───── COLLECTED MATERIAL ─────

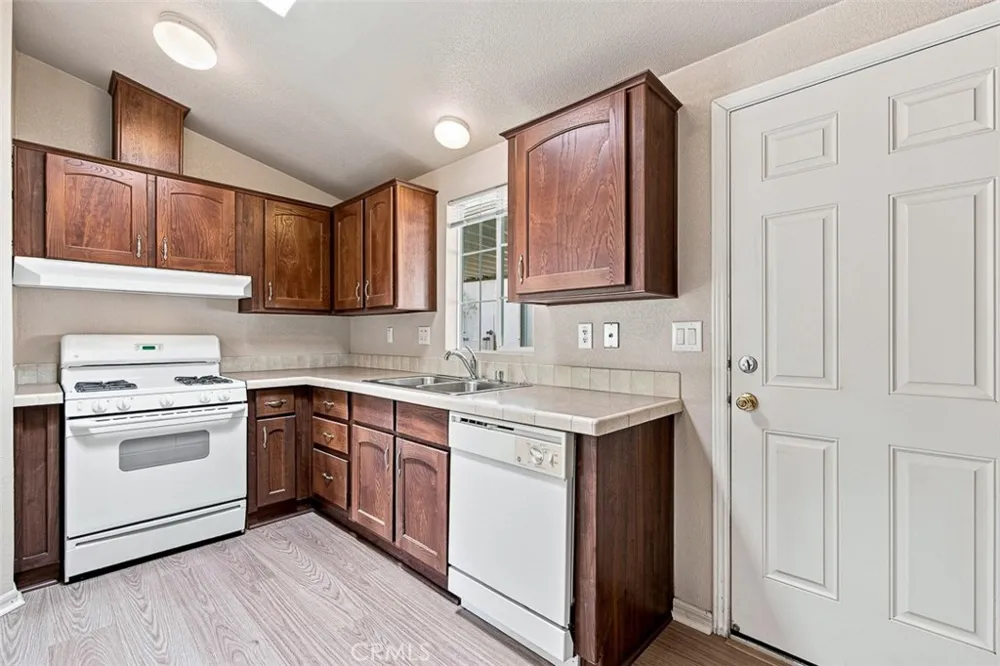 4201 Topanga Canyon Boulevard #21 Woodland Hills, CA 91364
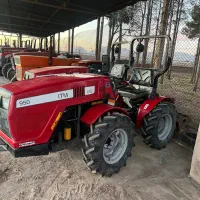 تراکتور گلدونی ۹۵۰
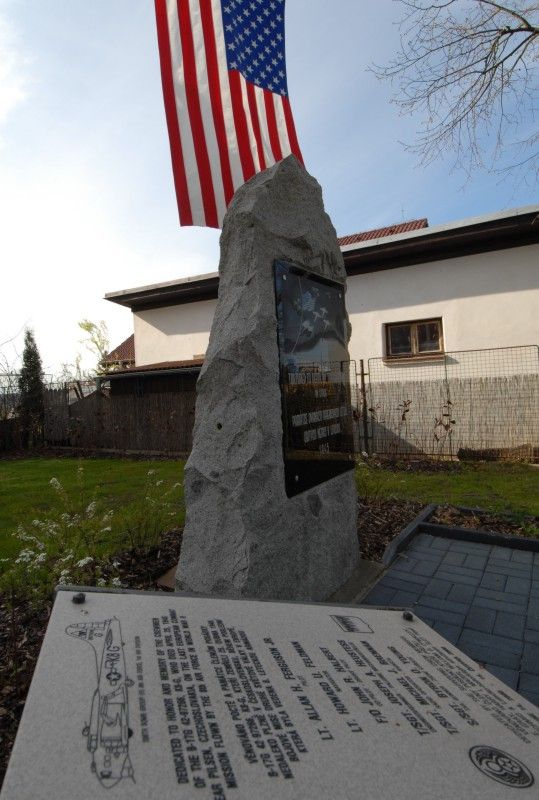 Desítky obyvatel Litic a pozvaní hosté se ve středu (25.4.2012) odpoledne přišli poklonit památce amerických letců, kteří položili své životy na konci druhé světové války při osvobozování Plzně.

─────

Quote the preceding listing precisely and completely, omitting its images.

- ANSWER BELOW -
 4201 Topanga Canyon Boulevard #21 Woodland Hills, CA 91364
 تراکتور گلدونی ۹۵۰
 Desítky obyvatel Litic a pozvaní hosté se ve středu (25.4.2012) odpoledne přišli poklonit památce amerických letců, kteří položili své životy na konci druhé světové války při osvobozování Plzně.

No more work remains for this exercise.